==== Material provided

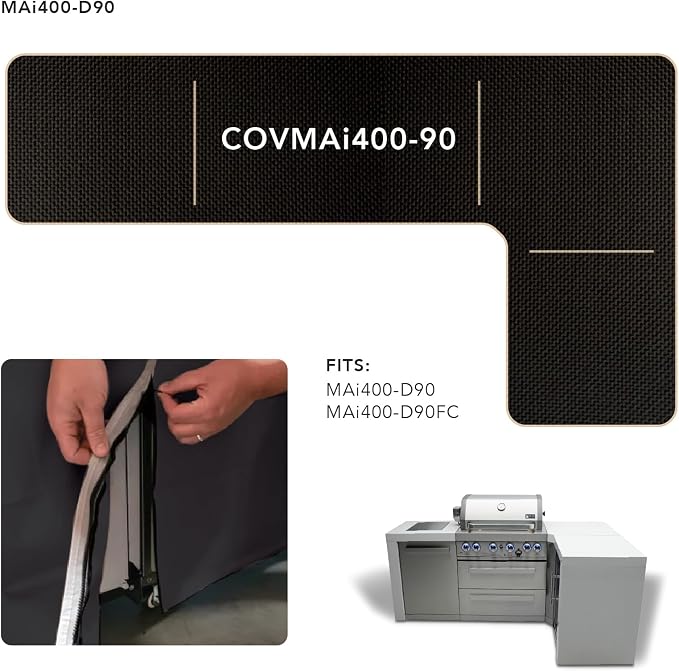 Mont Alpi 400 COVMAi400-90 L-Shaped 4-Burner Heavy Duty All Weather Water Resistant 82" x 50" Full Black Grill Cover for MAi400-D90 and MAi400-D90FC Stainless Steel Modular Outdoor Kitchen BBQ Islands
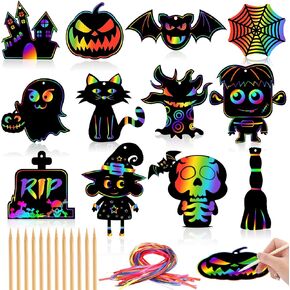 JULMELON Halloween Craft Kits, 48PCS Rainbow Magic Scratch Art Halloween Hanging Ornaments Halloween Crafts Scratch Paper Halloween Party Favors Games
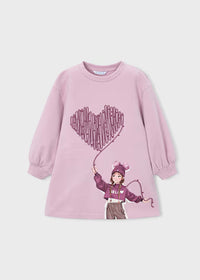Vestito Felpa Cuore Rosa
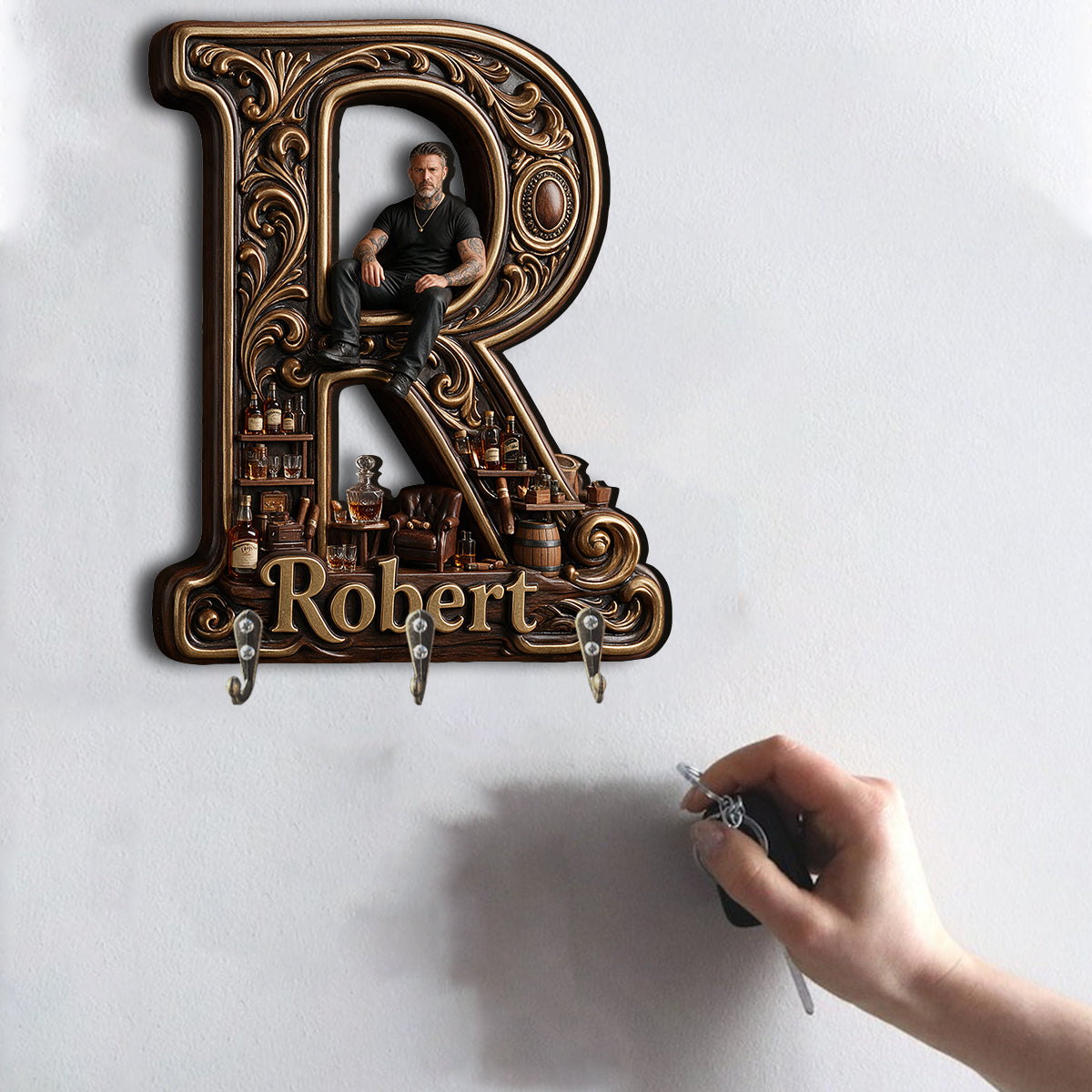 Personalisierter Foto-Monogramm Schlüsselhalter - Individuell gestalteter Wandregal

========

§ Work instruction
Restrict the output to the lines from the one with "JULMELON Halloween Craft" through the last line of the material above. Print them exactly, leaving out every picture.

§ Expected answer
 JULMELON Halloween Craft Kits, 48PCS Rainbow Magic Scratch Art Halloween Hanging Ornaments Halloween Crafts Scratch Paper Halloween Party Favors Games
Vestito Felpa Cuore Rosa
 Personalisierter Foto-Monogramm Schlüsselhalter - Individuell gestalteter Wandregal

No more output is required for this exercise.